- _Material provided_
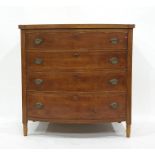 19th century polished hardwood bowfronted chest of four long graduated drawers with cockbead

...

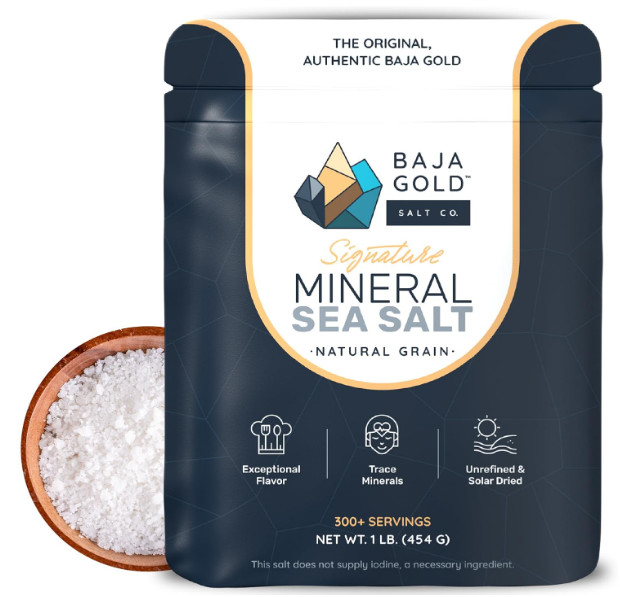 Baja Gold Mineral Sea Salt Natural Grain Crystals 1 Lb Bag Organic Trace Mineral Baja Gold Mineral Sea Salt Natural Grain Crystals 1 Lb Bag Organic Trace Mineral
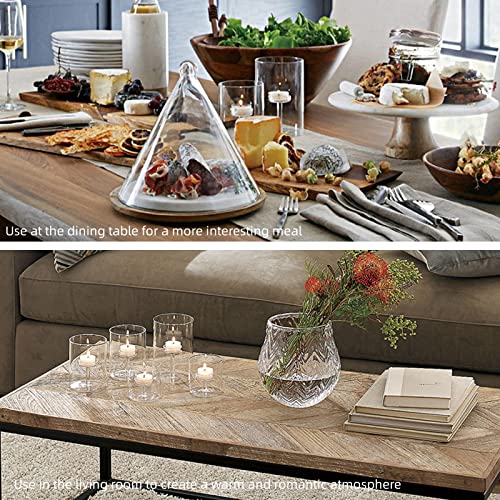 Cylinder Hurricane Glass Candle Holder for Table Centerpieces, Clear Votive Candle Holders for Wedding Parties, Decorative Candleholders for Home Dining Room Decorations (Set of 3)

- _Activity_
Transcribe only the lines above that start at the line containing "Trace Mineral Baja" and end at the line containing "Cylinder Hurricane Glass". Omit pictures.

- _Task solution_
 Baja Gold Mineral Sea Salt Natural Grain Crystals 1 Lb Bag Organic Trace Mineral Baja Gold Mineral Sea Salt Natural Grain Crystals 1 Lb Bag Organic Trace Mineral
 Cylinder Hurricane Glass Candle Holder for Table Centerpieces, Clear Votive Candle Holders for Wedding Parties, Decorative Candleholders for Home Dining Room Decorations (Set of 3)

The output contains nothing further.